Let’s say your collection of Anytown graveyard records have a whole lot of disparate columns of data: most records have the given name and/or surname (but some don’t), some have an exact date of death while others have just a year (or nothing at all), some list a spouse’s or parent’s first name (but not everyone), some have inscription text, some have location data…
And then your collection of Anytown obituaries have some, but not all, of the same data possibilities, plus some new fields like the name of the newspaper and the date of publication.
Making an online database out of each of these records sets would be tricky enough. But what if you want to have only one online search engine for this data, searching both databases simultaneously, and finding possible links between their records? After all, a lot of the people mentioned in the Anytown obituaries wound up buried in the Anytown cemeteries, right? How can we find those people — with only one search?
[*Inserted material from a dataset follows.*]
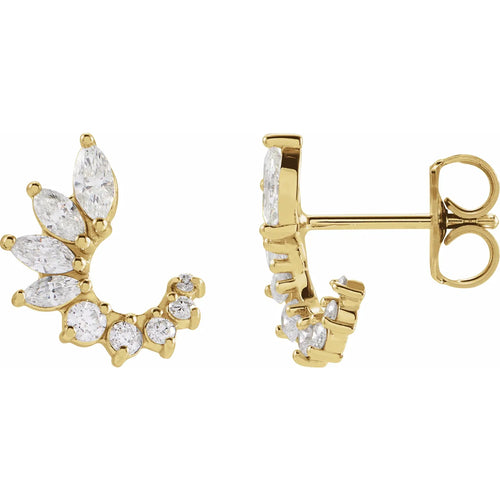 14K Yellow 1/2 CTW Natural Diamond Front-Back Earrings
That’s where LeafSeek comes in. LeafSeek lets you combine databases of all shapes and sizes into one big unified searchable interface that finds possible connections between your datasets. You can limit your search to one dataset, or encompass them all. Common data types like given names, surnames, and towns are recognized among multiple fields in multiple databases. Other fields, like record years and occupations, can be broken out into searchable facets to find links between different pieces of data.
LeafSeek can also handle data that’s stored in many different formats, such as:
- Adobe PDF files
- CSV (comma-separated value) files
- JSON files
- Microsoft Excel or other spreadsheet files
- Microsoft Word documents or other word processing documents
- MySQL databases
- …and more!
So whether you keep your data in a big spreadsheet or already have an online database system, you can import your data into LeafSeek quickly.
(As a benchmark, we’ve found that indexing about 200,000 records from 60 different MySQL databases takes less than five minutes! And that’s just for a one-time indexing job to initially load the data into LeafSeek. Regular searches of that data by users usually take less than 25 milliseconds to complete on the back-end, without the server breaking a sweat.)